I also think that some of it is our dear leaders in enterprise, education, and politics are counting on this blowing over eventually (there are still plenty of signs this will happen) and then we forget about it. It’s not an unreasonable expectation. Ron DeSantis was considered the King of the Pandemic this past spring once cases dropped and we got the vaccine, all due to his shrewd policy, which was basically “let ’em die.” That they kept the schools open will be the focus, not how many died or got very sick in the process. All the Smartest Boys and Girls on Substack are itching to write their “COVID really wasn’t that bad” pieces, which they will promote on Twitter as Smart and Reasoned Thinker Thinking.

Meanwhile, it’s not out of the question the US tops 1 million deaths this year. And that will be treated with an impatient sigh, and a snappy “get back to work, you.”

Charlie Pierce said it best last month:

Science is reaching the point at which it’s done all it can. The rest of the fight against the pandemic depends on how much every one of us cares about our fellow human beings. This has been the obvious answer from the start, but it’s also been something at which the country has bridled over the past two years, a reaction that, as nearly as I can tell, is unprecedented in American history. I’m old enough to remember the unequivocal joy with which the Salk vaccine against polio was received. (Kids, of course, were equally overjoyed at the arrival of the Sabin vaccine. No more shots!) My mother had been confined for weeks in an iron lung after contracting polio as a young woman. It left her with a lasting medico-phobia that she transferred to me, thereby making sure polio affected our lives long after the vaccine had eradicated it. But even she insisted that I be immunized as soon as the vaccine became available. She didn’t believe in doctors, but she believed in that vaccine.

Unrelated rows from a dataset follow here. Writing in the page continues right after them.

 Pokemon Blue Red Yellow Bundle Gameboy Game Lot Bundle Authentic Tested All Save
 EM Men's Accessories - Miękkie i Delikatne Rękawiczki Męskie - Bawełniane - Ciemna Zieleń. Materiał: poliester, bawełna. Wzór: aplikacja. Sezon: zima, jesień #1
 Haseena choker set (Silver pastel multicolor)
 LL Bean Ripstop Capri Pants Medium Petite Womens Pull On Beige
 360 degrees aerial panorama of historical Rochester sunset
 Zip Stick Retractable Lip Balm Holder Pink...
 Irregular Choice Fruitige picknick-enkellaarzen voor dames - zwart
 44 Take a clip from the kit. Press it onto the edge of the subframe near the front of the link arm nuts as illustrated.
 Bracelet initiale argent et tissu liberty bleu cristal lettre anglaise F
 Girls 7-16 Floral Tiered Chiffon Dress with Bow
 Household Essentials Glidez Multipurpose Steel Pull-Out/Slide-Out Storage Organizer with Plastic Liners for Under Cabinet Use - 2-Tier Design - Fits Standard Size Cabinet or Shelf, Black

I believe we have it in us to be better than we have been. I believe we have it in us to be better than we are. I believe we can rediscover our common humanity if we just look for it. There are all kinds of things we knew and loved once that we’ve forgotten. There are better parts of ourselves that have lain dormant for far too long. Rediscovery can be as exciting as discovery was in the first place.

I hope so too, Charlie, that we rediscover our shared humanity. If not, well, that’s not a good thing, as we’ve seen recently.

The last word goes to Mr. Mellencamp, who says that while this might not be the end of the world, you can see it from here. I miss the good old days when this song just was a wry way of looking at life, not a statement of our time.